Apart from a few small time jobs, I worked with Vasant Continental & Hotel Siddharth, Essar Cellphones (Hutch/Vodaphone in Okhla) & also Convergys. The 20k that I couldn’t claim back then comes back every month in form of my salary now. Being one of the best Sales’ Agent, I had earned upto 35k for a year’s time. Earned all of- respect, home, a decent living, Lifestyle & my Confidence back. What now- I should forget about what all had happened & move on to lead my future life- right?
In 2008, I went to BOB again, presented the Documents afresh; with the help of my friend who did the running around for Legal Papers & after 8 months & 12 years, I retrieved my mom’s pride & last of her savings. The Manager then, a South Indian Gentleman was so humble & helping that he made me go only at the last day of Claiming after my 1st visit; & made my Friend instead to hop & Jump around. My joys knew no bounds- not because I was able to what I what I had wanted to since long, but because this is to do with Mom. & anything to do with Mom’s Pride & Intentions of my Well Being- I swear, I won’t leave it.

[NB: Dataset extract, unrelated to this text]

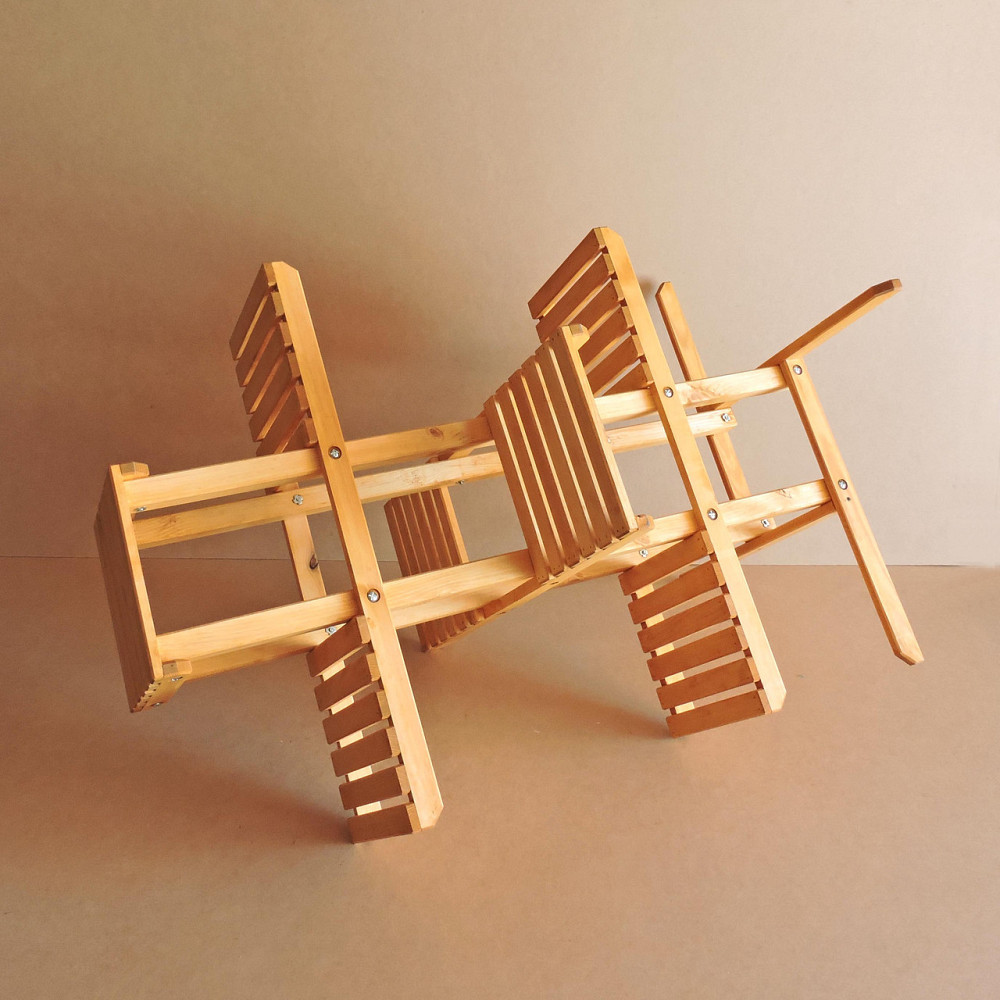 Подставка для цветов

I had cried after drafting this. I had closed my eyes, feeling mom’s palm on my head hugging me & making me lose all that Pain in her arms.
- Anand now is employed with Muthoot is unaware of this development. I wish to deal with him someday.
- Munmun’s dad who made Dictums about Destiny so often would need another Blog Space.
- Samanta, wait till I get back at you. This one’s FOR SURE.
As I placed the Copy of that FDR Certificate, I happen to notice the date & couldn’t help myself twitch my mouth- 22nd April, 1995. Today, its exactly after 15 years of her trying to break free from the atrocities she was forced to put up with.